A firewall configuration on a wireless client is generally straightforward. Almost all connections will be outbound from the host. Unless you are running externally accessible services such as a web or ssh server, there should never be a connection attempt from outside hosts.

The firewall configuration is stored in /etc/pf.conf. The file contains directives that will be passed to the packet filter at boot time.

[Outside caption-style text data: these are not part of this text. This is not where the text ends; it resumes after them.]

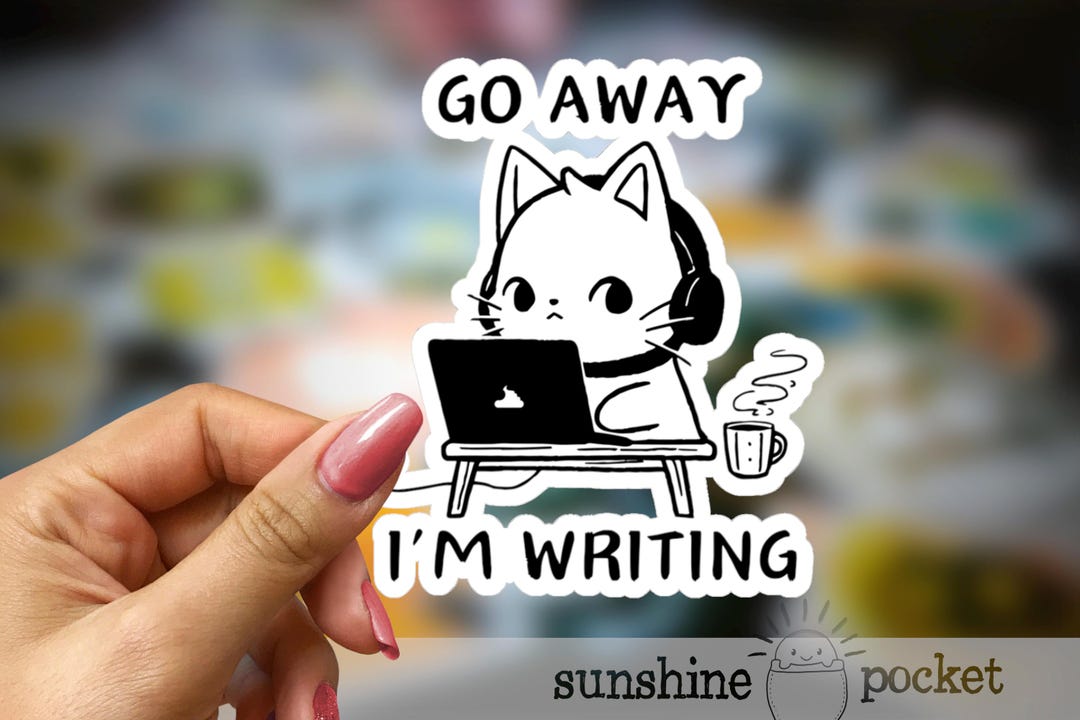 Funny Writer Sticker, Cute Kitty Writing Day Laptop Sticker, Writer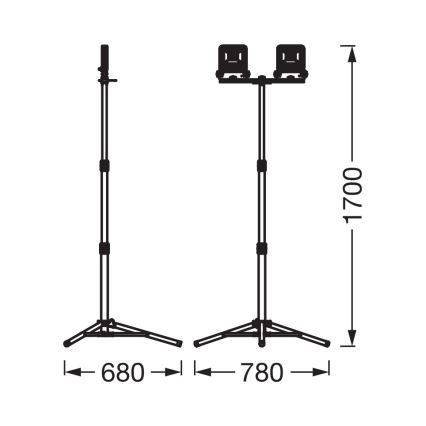 Osram - LED-reflektor med TRIPOD-stativ 2xLED/20W/230V 4000K IP65 orange/antracit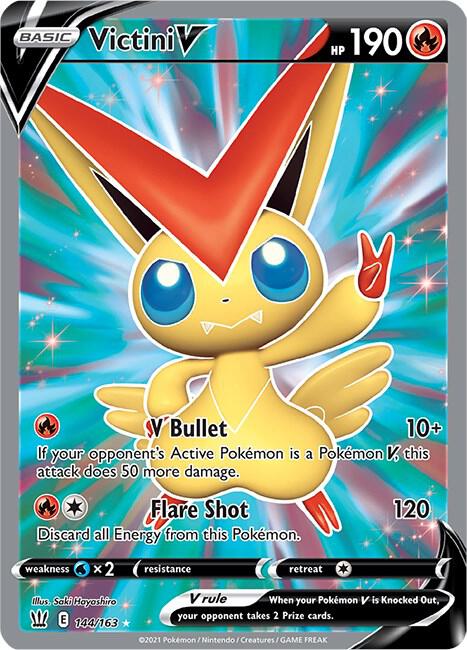 Victini V (Full Art) (144/163) (SWSH05)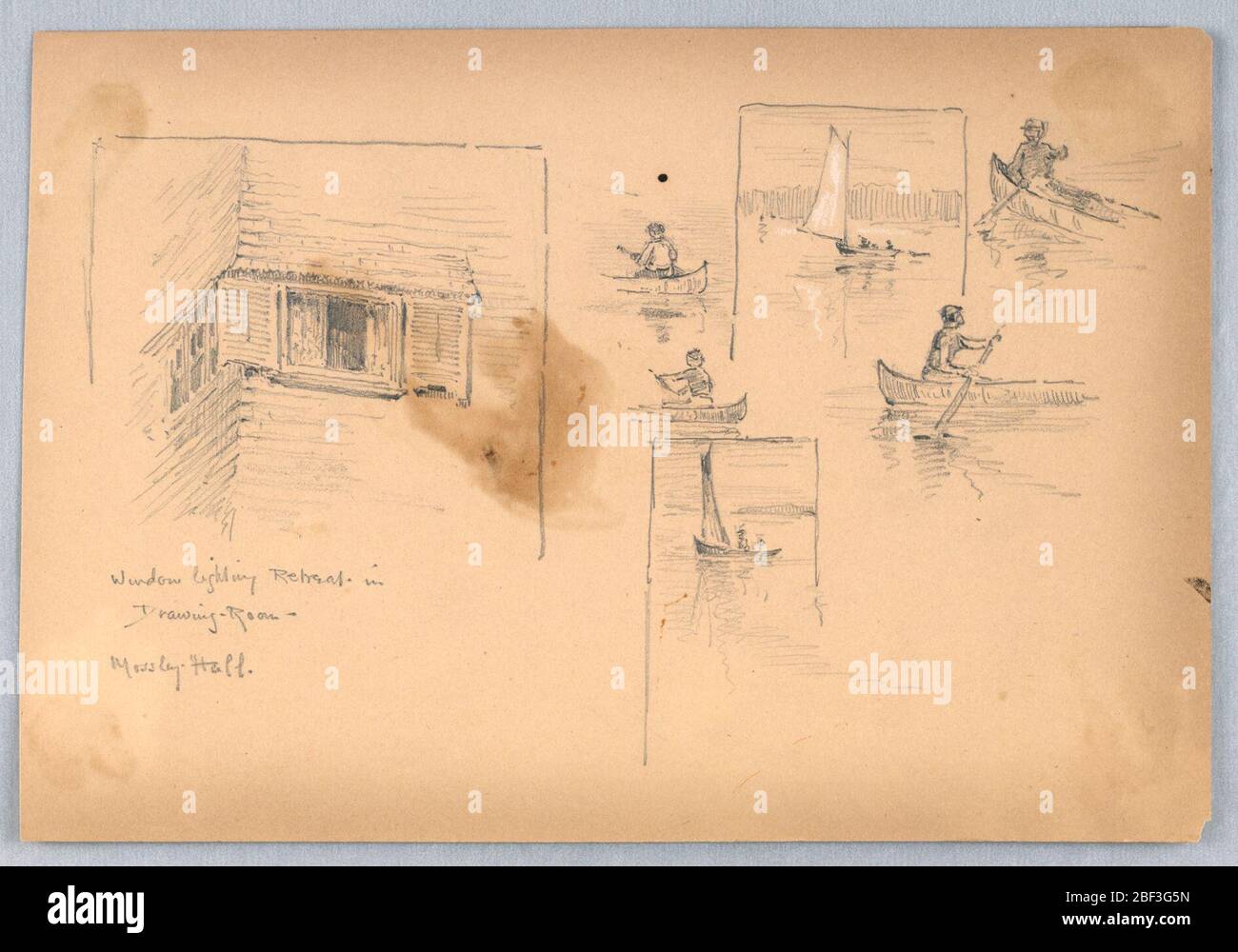 Schizzo di persone Canoismo e finestra. A sinistra, angolo di casa, finestra in Mossley Hall. A destra, schizzi di persone canoa e vela, Foto Stock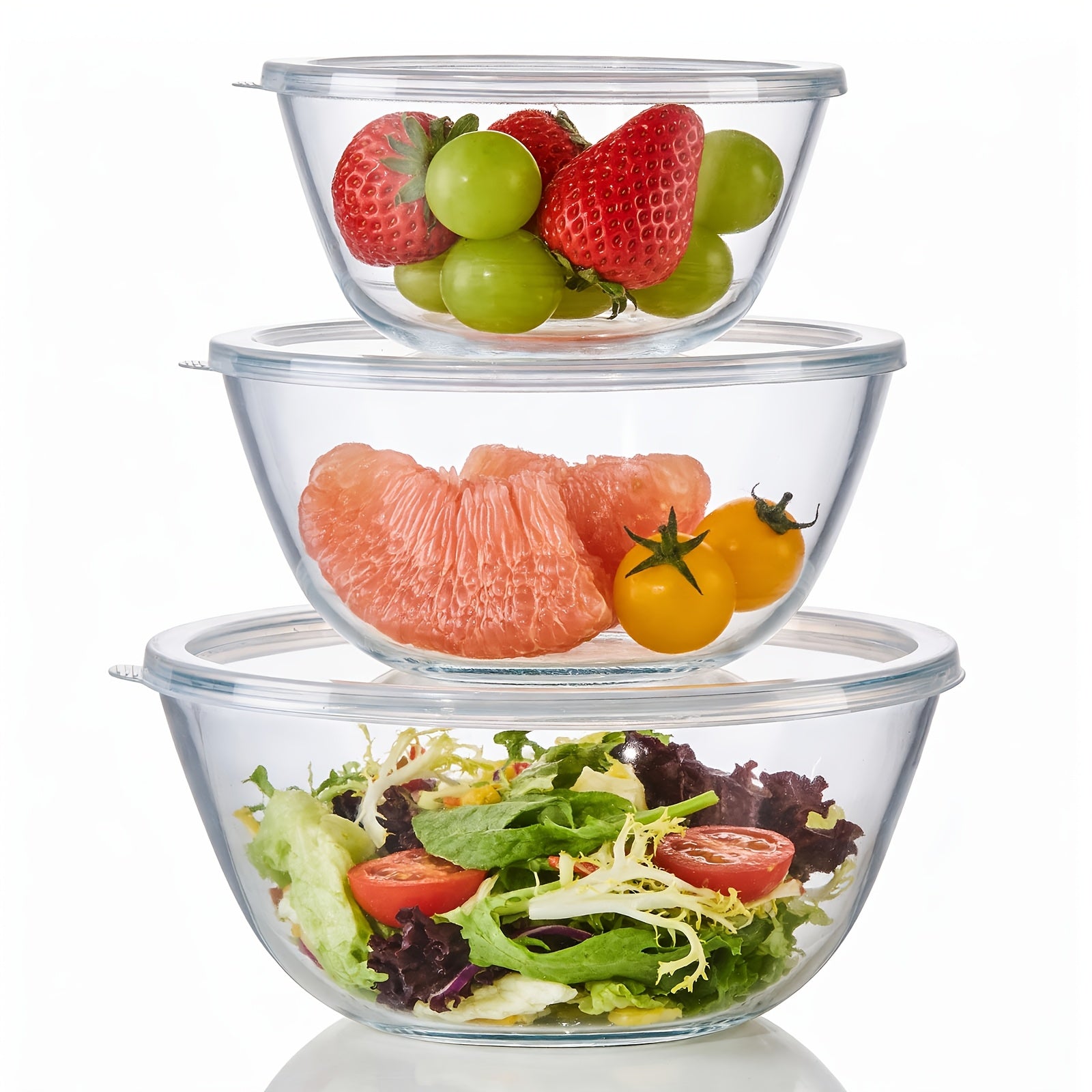 3pcs Glass Mixing Bowls Set | Large Salad Bowls with Lids (4.68 QT, 2.89 QT, 1.1 QT), Microwave, Oven, Dishwasher, and Freezer Safe - SENMEO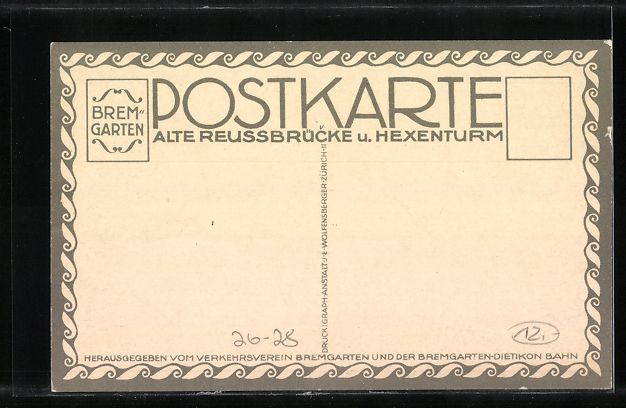 Ansichtskarten: Bremgarten, Alte Reussbrücke u. Hexentu – Gebraucht aus Berlin von bartko-reher 1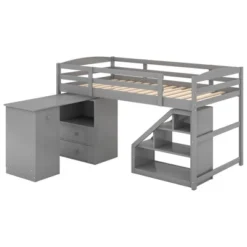 Twin Size Loft Bed With Multifunctional Movable Built-in Desk And Staircase-ModernLuxe 12 Twin Size Loft Bed With Multifunctional Movable Built-in Desk And Staircase-ModernLuxe -Barbie Store GUEST 8b71f495 5265 405b 84f2 19346647cf69
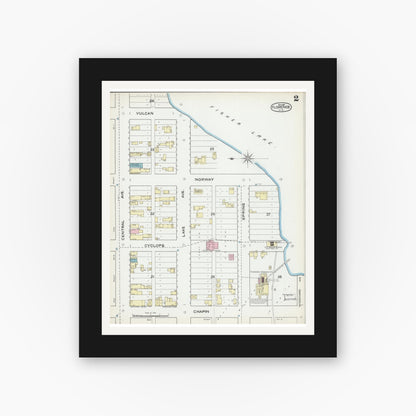 Old map wall art mockup — black gallery frame with white mat — Sanborn Fire Insurance Map from Florence, Florence County, Wisconsin (1891) - Complete Map Set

Here is an simple pf.conf that should work on most client installations. If you require a more advanced firewall setup or would like a more complete discussion of pf, see Section 13.2 in Chapter 13 or read the pf.conf manual page.

# Simple client pf.conf
oif = "wi0"
onet = "192.168.0.0"
omask = "255.255.255.0"
oip = "192.168.0.248"
# block by default
block in log all
# Let loopback traffic through
pass out quick on lo0 all
pass in quick on lo0 all
# keep windows hosts from filling your logs
block in quick on $oif proto tcp from any to any port 136 >< 140
# keep broadcasts from filling your logs
block in quick on $oif inet from any to { 255.255.255.255, 192.168.0.255 }
# allow everything outbound
pass out quick on $oif all keep state

Make sure you have pf support compiled into your kernel and set pf=YES in /etc/rc.conf to cause the firewall to be enabled at boot time. This is a very simple firewall configuration. However, in a hostile wireless environment, keeping things simple may make the difference between keeping attackers off your machine and being the weakest link in the network.

Unneeded services running on a machine are a liability. An unneeded service becomes a forgotten service. And a vulnerability discovered in a forgotten service can quickly lead to a compromise. By removing unneeded services from your machine, you make administration easier and increase the security of the host.

In a default OpenBSD install, there are two major places where services are launched. The standard inetd facility controls services such as telnet, ftp, chargen, etc. These services are configured in /etc/inetd.conf. Edit this file and comment out any services you do not require. In general, ssh will provide all required remote services so you should be able to comment out everything in inetd.conf.

The other source of many services is /etc/rc.conf. Again, edit this file and examine it for any services you do not need. Turn services off by setting the option to NO. For example, disable portmapper by changing:

portmap=YES             # almost always needed

to this:

portmap=NO             # almost always needed

Restart your machine for these changes to take effect. Verify the machine acts as you anticipate and you have not disabled services in error.

As documented in ARP Poisoning, there is a real threat from man-in-the-middle attacks due to ARP poisoning. A malicious user may be able to convince your workstation that her host is the gateway by forging spoofed packets. By putting a static ARP entry on your host, the effectiveness of this attack is minimized.

Static ARP entries override any dynamic information received over the network. If you are always using the same gateway (i.e., you are not roaming around to different layer 3 wireless networks) you can put a script in /etc called staticarp.sh to hard code the ARP entry:

#!/bin/sh 
# staticarp.sh
# This script will set static arp entries for OpenBSD
# Add the ARP entry for the gateway

   echo -n ' adding gateway arp'
   /usr/sbin/arp -d <gatewayIP>
   /usr/sbin/arp -s <gatewayIP> <gatewayMAC> permanent

Make sure you make this shell script executable. In order to run this file at boot time, add the following lines to /etc/rc.local:

# Set static ARP entries for gateway
if [ -f /etc/staticarp.sh ]; then
       . /etc/staticarp.sh
fi

After your next reboot, verify the script has executed correctly by using the arp command:

bash-2.05a# arp -an
? (192.168.0.1) at 00:02:2d:08:5b:30 permanent static
? (192.168.0.2) at 00:10:5a:a7:09:2a

The word permanent indicates that no network traffic including malicious ARPs from other hosts will override this static entry.